Be Master of Your Own Social Life
It’s a well-known fact of life that, when you move on to university, your social life will consist solely of gazing blearily into the bottom of a pint glass at every opportunity.
Or is it?
While this will most probably be true of many of your fellow students, if the allure of such pursuits is lost on you, it need not be true of you. Just as there’s not one course of study to fit all university students, neither is there just one means of socialising in your free time. If you know for a fact that the drinking culture is simply not for you, consider what kinds of things you do enjoy doing with your free time.
If you’re not accustomed to actually having any free time, ask yourself what interests you in general. At most universities, there are bound to be a plethora of clubs and societies focused on a broad range of topics where you’re sure to find like-minded people with whom to socialise without permanently compromising the integrity of your liver or winding up driving your car into a tree.
University Services are There to Serve
When attending university, it’s easy to forget that University Services even exists. It’s even easier to have no earthly clue as to what it is that they do. To put it briefly, University Services is there to serve students like you – in whatever way they can.
Whether you’re trying to navigate the complexities of campus housing, are having a rough time financially, are worrying about your next steps post-graduation, or even beginning to think you’ve chosen the wrong course of study altogether. University Services is not just some ephemeral concept housed in a building on campus that nobody ever enters, it’s an active component of campus life that offers solutions and resources for these and countless other problems and concerns.

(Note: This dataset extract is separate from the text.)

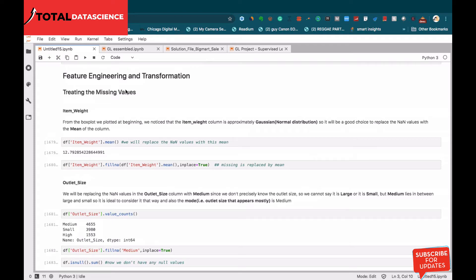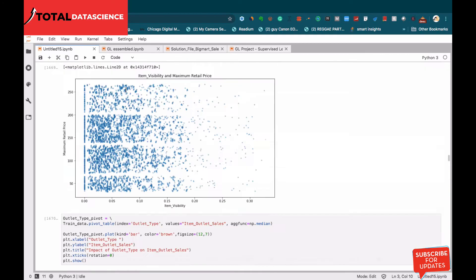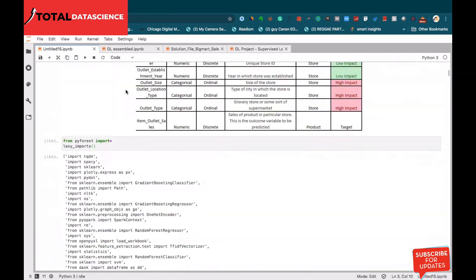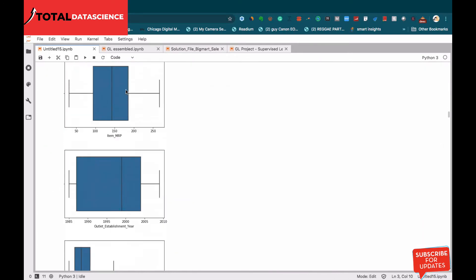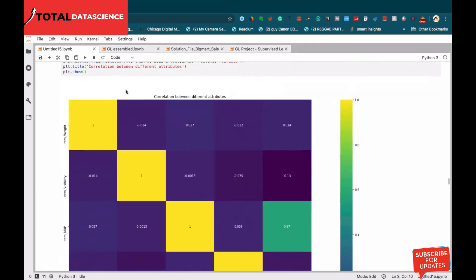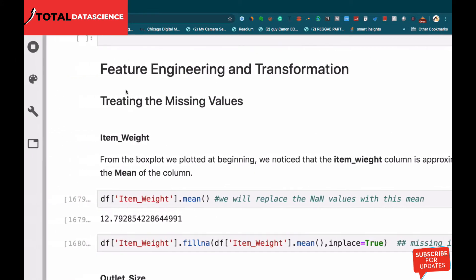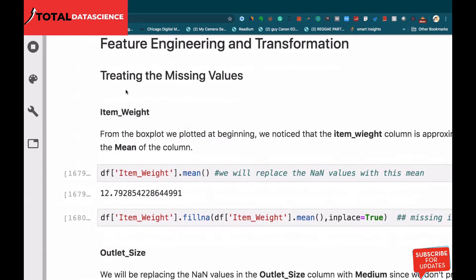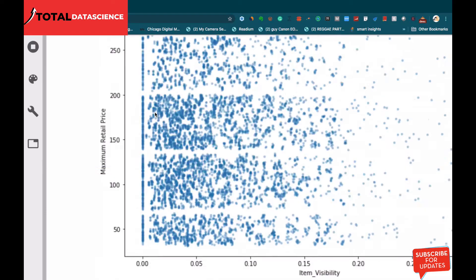Let's get started. Previously we were doing visualization, exploring the various features we have. Now what we're going to do is start with the features and do some feature engineering or feature transformation. If we take the item weight, let's go back a little bit.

When you’re feeling overwhelmed, or just confused, by any aspect of day-to-day life while at university, University Services is the place to start looking for a solution.
Talk to Someone
As we mentioned in the Mentor section above, it’s easy to become so entrenched in your own worries and insecurities as to convince yourself that you’re the only one who feels the way you do. Humans, in general, tend not to broadcast the fact that they’re feeling insecure, a tendency that may have served us well in the distant past when showing weakness might be a life-or-death mistake, but your survival no longer depends upon being quiet and stoic.

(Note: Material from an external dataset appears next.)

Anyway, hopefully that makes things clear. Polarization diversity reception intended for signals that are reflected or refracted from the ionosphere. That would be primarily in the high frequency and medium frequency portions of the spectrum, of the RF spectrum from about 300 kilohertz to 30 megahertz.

Whether it’s your friends who’ve gone elsewhere, your new friends on campus, a trusted teacher, or a family member, you’re virtually surrounded by people who understand what you’re going through right now. And even if your friends don’t have any more of a solution than you do, it can still be endlessly comforting just to know that you’re not alone. It should also be pointed out that the “two heads are better than one” adage generally holds true; you’re more likely to find a solution to your concerns if you’re working together with a friend
No matter the reason or extent of your crisis of confidence as you venture off to university, the take-aways to remember from the above tips are that you’re most certainly not the first or only one to be feeling as you do at the moment, and that there are techniques, services, and people who are not only able, but willing and specifically waiting for the opportunity to help.
But the most important take-away, if you benefit from nothing else you’ve read here, is not to keep your feelings to yourself. Whether it’s friends, family, mentors, or a stranger on the bus, sharing with others helps you to feel less alone and isolated in your feelings, and also is generally a good first step to resolving them.